Die ersten Wochen nach Einführung von Mifid II haben bereits gezeigt, daß manche Befürchtungen nicht ganz ungerechtfertigt sind. So wird davon berichtet, daß Zehntausende von Fonds und Zertifikaten nicht handelbar waren, weil die entsprechenden Zielmarkt-Informationen der Emittenten noch nicht vorlagen. Außerdem berichten bereits Kunden darüber, daß ihnen der Kauf von Wertpapieren versagt wurde, weil sie als ungeeignet klassifiziert wurden.

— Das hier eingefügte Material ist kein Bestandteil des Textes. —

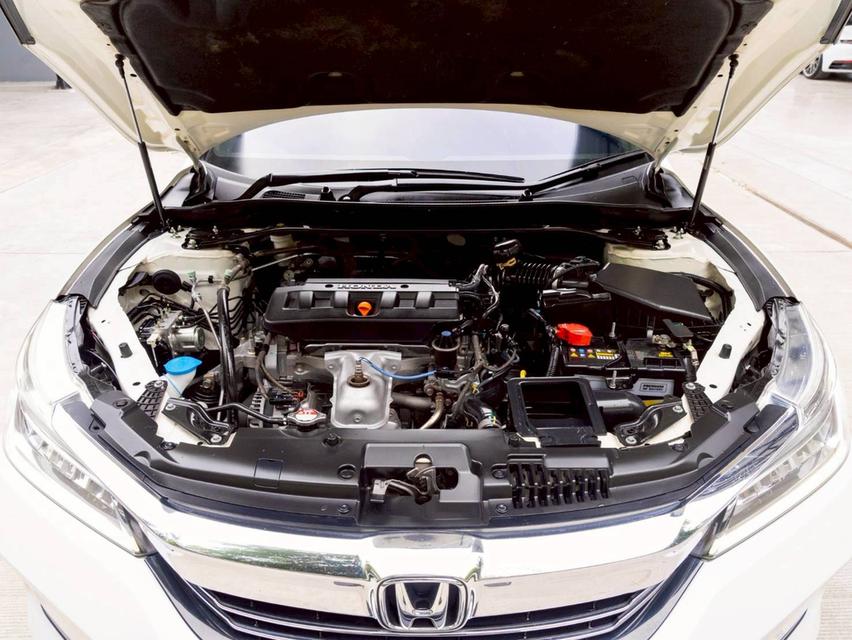 Honda Accord 2.0El ปี19 18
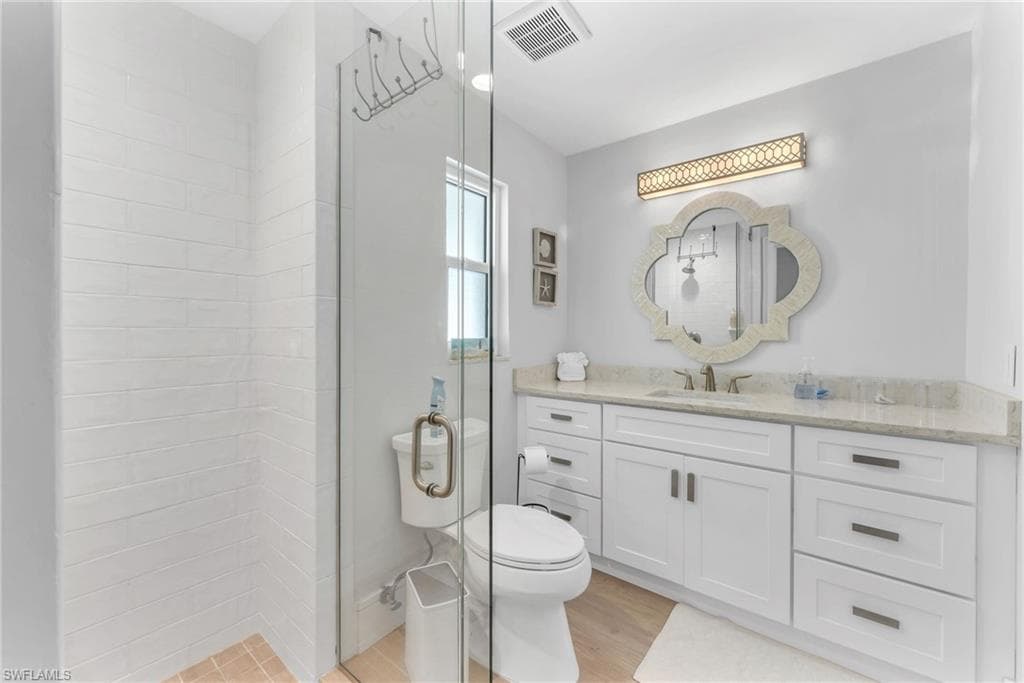 635 Fountainhead Ln, Naples, FL 34103-19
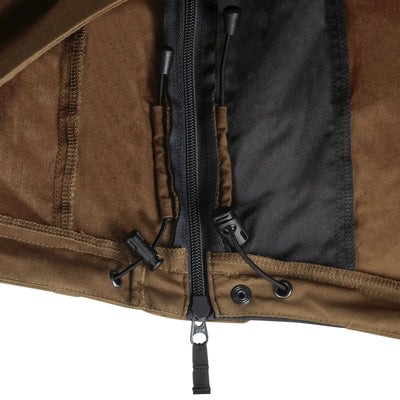 Nahaufnahme eines Helikon-Tex® Woodsman Anorak Jacket® Reißverschluss- und Kordelzugdetails.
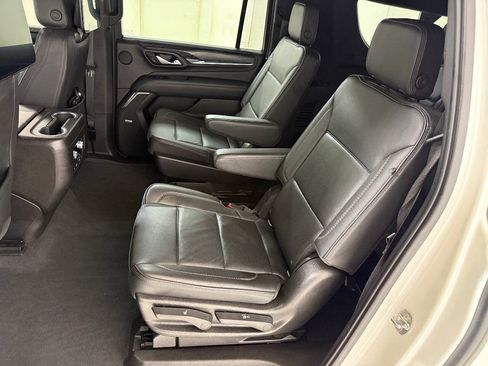 Used 2021 GMC Yukon XL Denali w/ Denali Ultimate Package RWD image 27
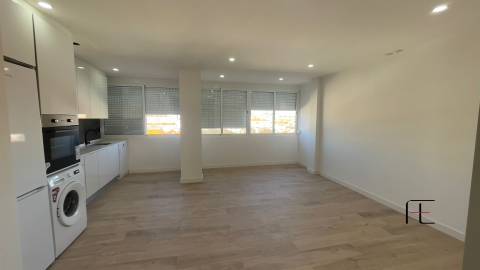 Apartamento T3 Venda em Águas Livres,Amadora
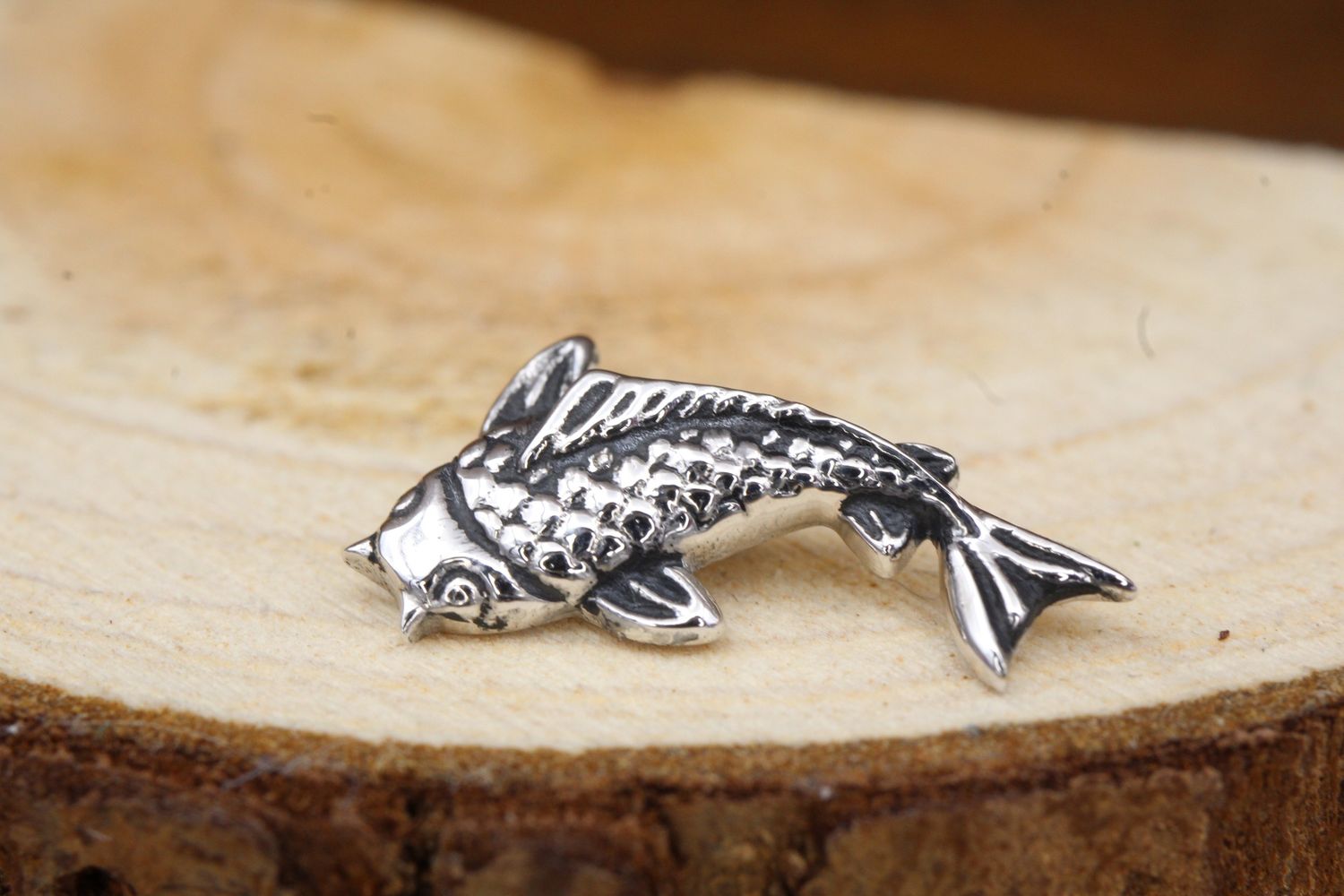 Threaded White Gold Koi Fish, Gauge: 18/16ga, Finish: Left Orientation: Antique Finish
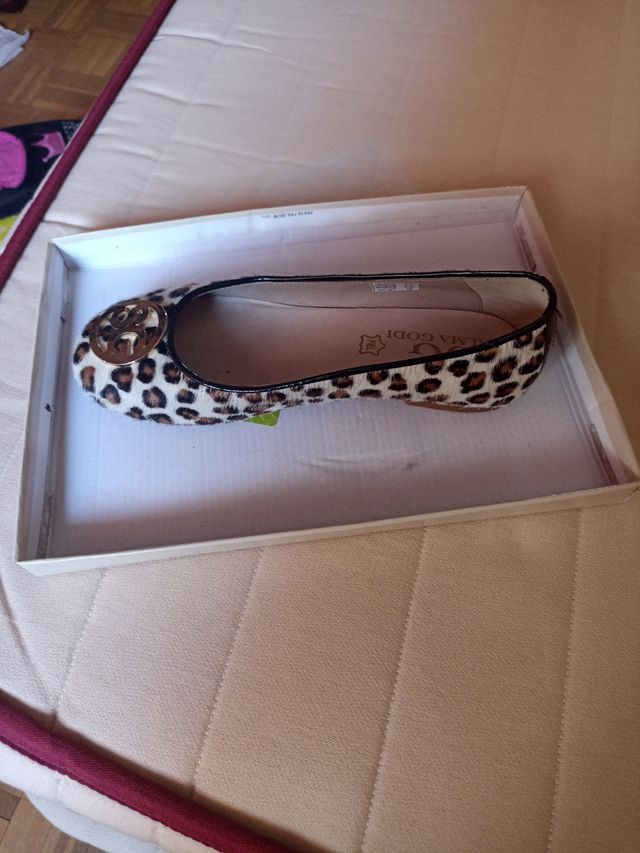 manoletina con adorno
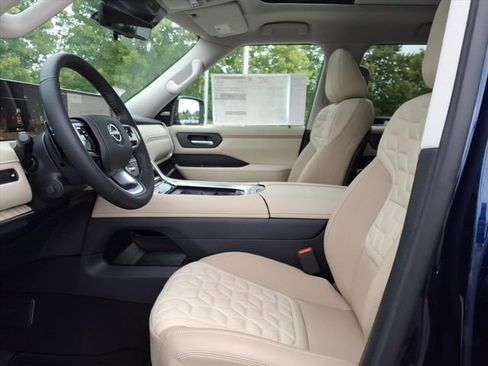 New 2026 Nissan Armada Platinum image 5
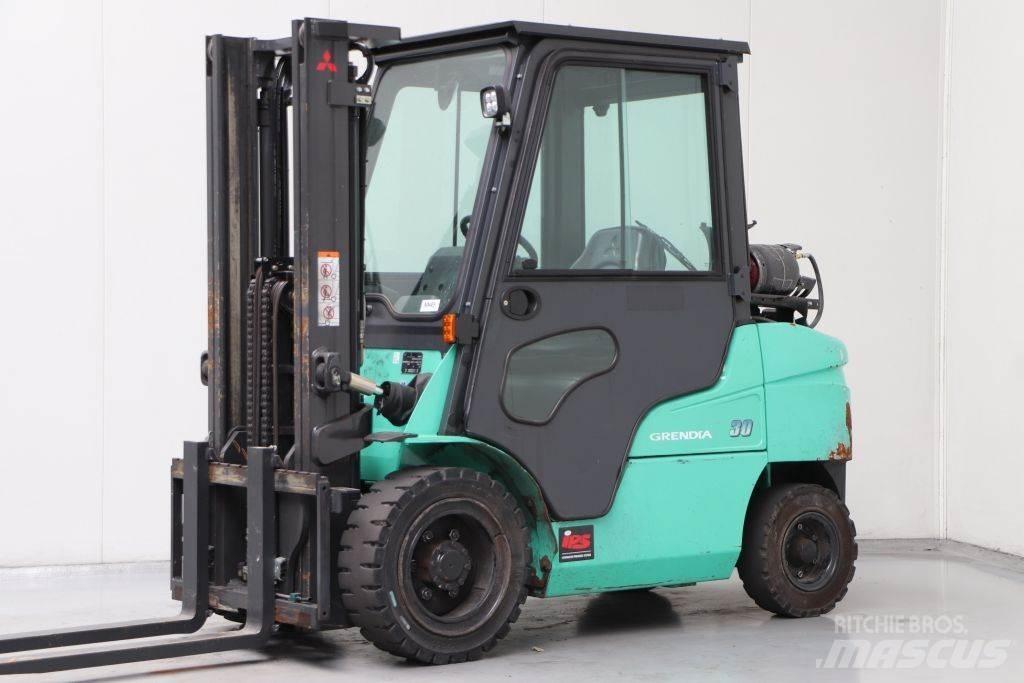 Mitsubishi FG30NT Plinski viličarji
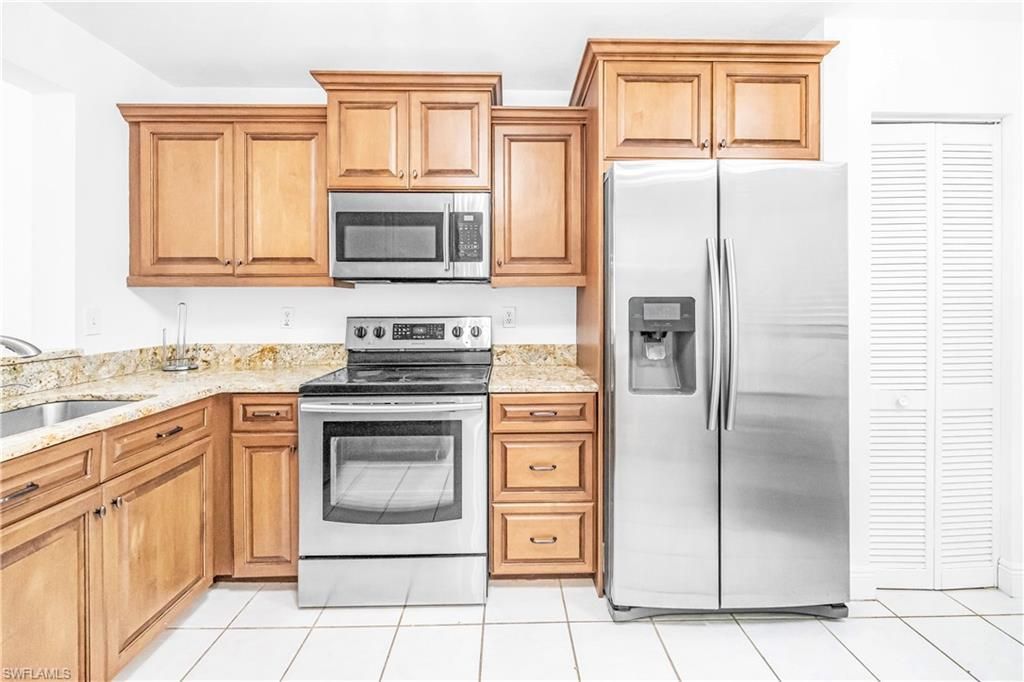 768 Landover Cir, Unit 201, Naples, FL 34104 Photo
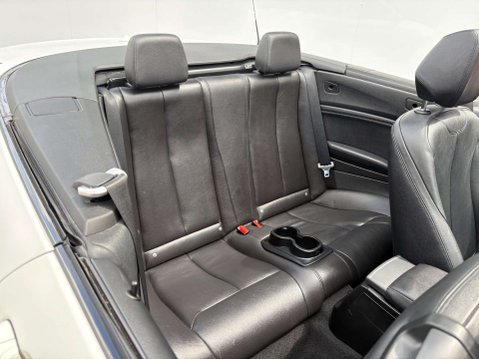 BMW 2 Series 2.0 220d M Sport Auto 2dr 10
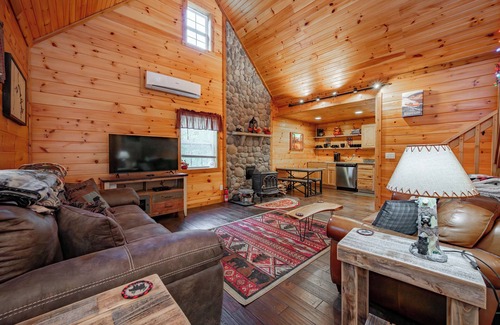 McHenry Cabin | Charming Dog Friendly Retreat w/Fire Pit & Hot Tub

Wie sich die neuen Vorschriften generell auf das Beratungsgeschäft und den Wertpapierhandel auswirken, werden allerdings erst die nächsten Monate tatsächlich zeigen. Wobei natürlich weiterhin gilt: Wer auf die Bankberatung verzichten kann, ist weiterhin in seinen Anlageentscheidungen unabhängig.

EU-Richtlinien MiFID I und MiFID II: ec.europa.eu





Neue Richtlinien zum Anlagenverkauf

Anlageprodukte wie Fonds müssen seit Januar ihre Art und Zielsetzungen erklären, indem sie offenlegen, an welche Anleger (Privatkunde, professioneller Kunde) sie sich richten, auf welchen Anlagehorizont (kurz-, mittel-, oder langfristig) sie abzielen und welcher Risikoklasse (Skala von 1 [sicherheitsorientiert; sehr geringe Renditeerwartung] bis 7 [sehr risikobereit; höchste Renditeerwartung]) sie angehören. Außerdem muß der Broker abfragen, welche Kenntnisse ein potentieller Kunde in der entsprechenden Risikokategorie hat. Die Kenntnisse des Kunden werden anhand der Transaktionszahlen oder der Handelserfahrung in Jahren, Kategorien wie „Basis-Kenntnisse, erweiterte Kenntnisse, umfangreiche Kenntnisse, spezielle Kenntnisse“ zugeordnet, wonach eine Freigabe für die jeweilige Anlageklasse erfolgt. Auch muß die finanzielle Verlusttragfähigkeit der Anleger eingeschätzt und überprüft werden, ob dem Anleger ein Kapitalschutz wichtig ist. Die Bedürfnisse und Ziele des Kunden, das heißt, ob der Fonds der Altersvorsorge oder der allgemeinen Vermögensbildung oder als nachhaltige Geldanlage dient, sollen berücksichtigt werden.